● Required action
Each entry that follows is to be retyped exactly. Pictures do not belong in the copy.
Start of Provided information
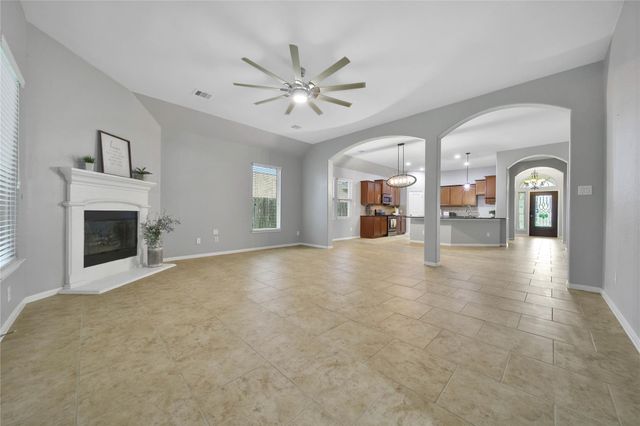 5511 Claymore Meadow Lane, Spring, TX 77389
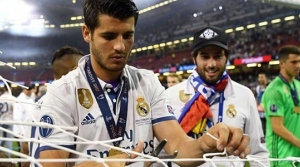 Ibrahimovic'in yerine Morata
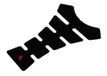 Lampa Lamp Pro-Tank X4 - Zelfklevende Tankpad - Zwart - Tankbeschermer Motor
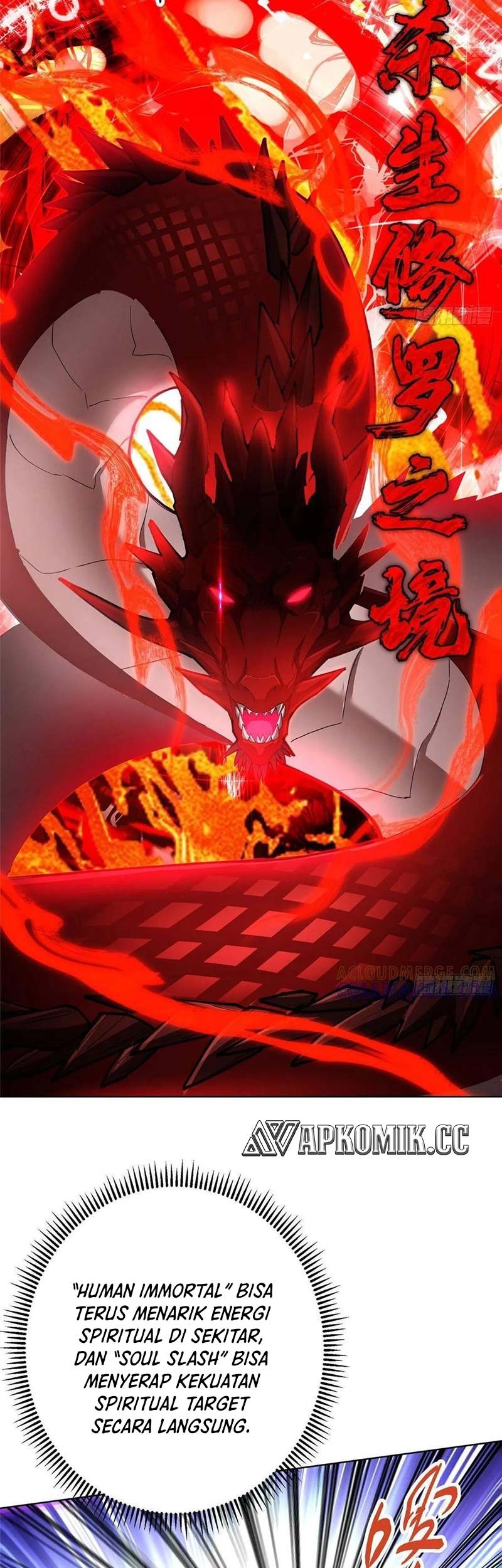 Keep A Low Profile, Sect Leader Chapter 532 Gambar 20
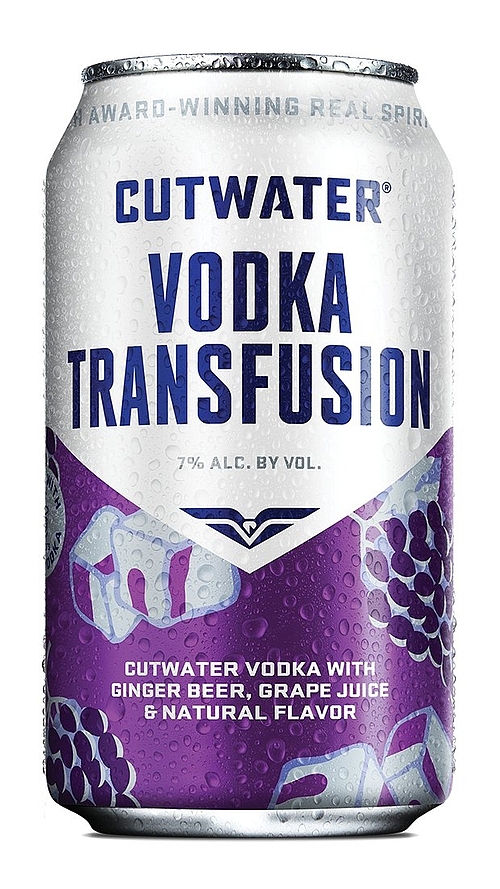 VodkaTransfusion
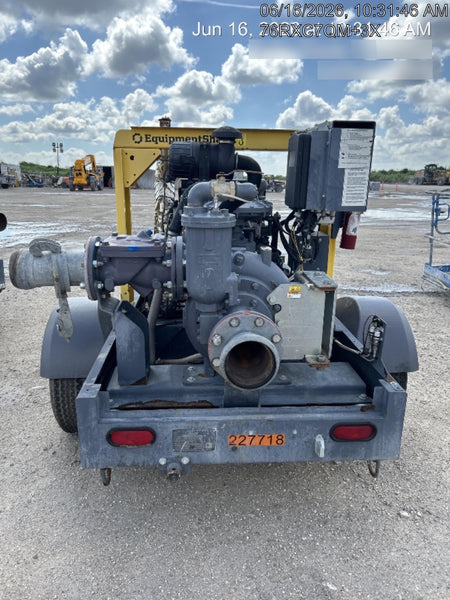 2022 ATLAS COPCO PAC F66 KD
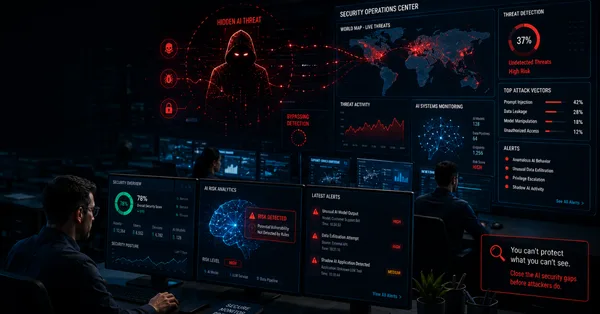 Zoho Cybersecurity Report exposes hidden AI security gaps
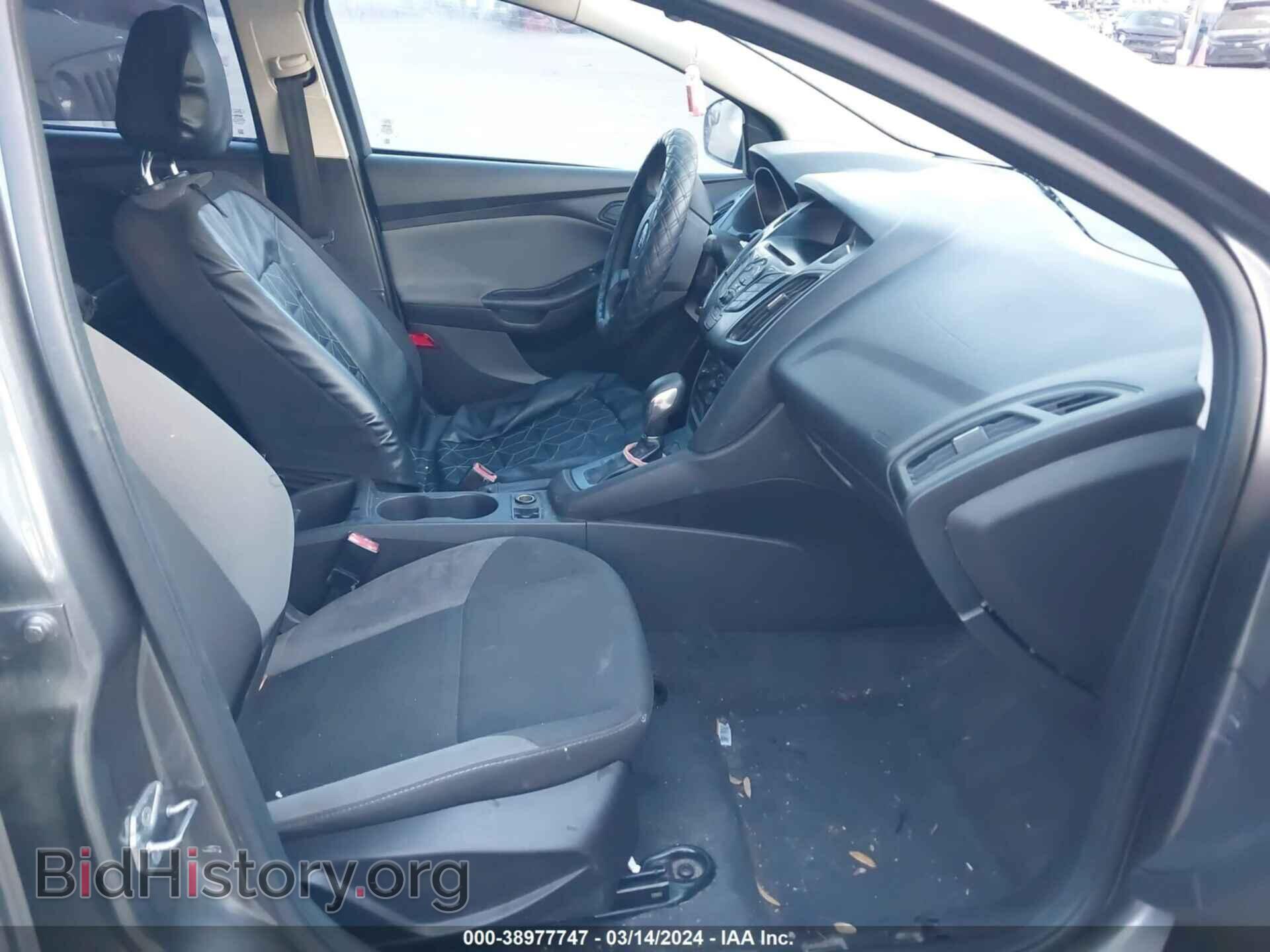 2012 FORD FOCUS - VIN: 1FAHP3E20CL473464 - Photo 5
End of Provided information
● Task solution
 5511 Claymore Meadow Lane, Spring, TX 77389
 Ibrahimovic'in yerine Morata
 Lampa Lamp Pro-Tank X4 - Zelfklevende Tankpad - Zwart - Tankbeschermer Motor
 Keep A Low Profile, Sect Leader Chapter 532 Gambar 20
 VodkaTransfusion
 2022 ATLAS COPCO PAC F66 KD
 Zoho Cybersecurity Report exposes hidden AI security gaps
 2012 FORD FOCUS - VIN: 1FAHP3E20CL473464 - Photo 5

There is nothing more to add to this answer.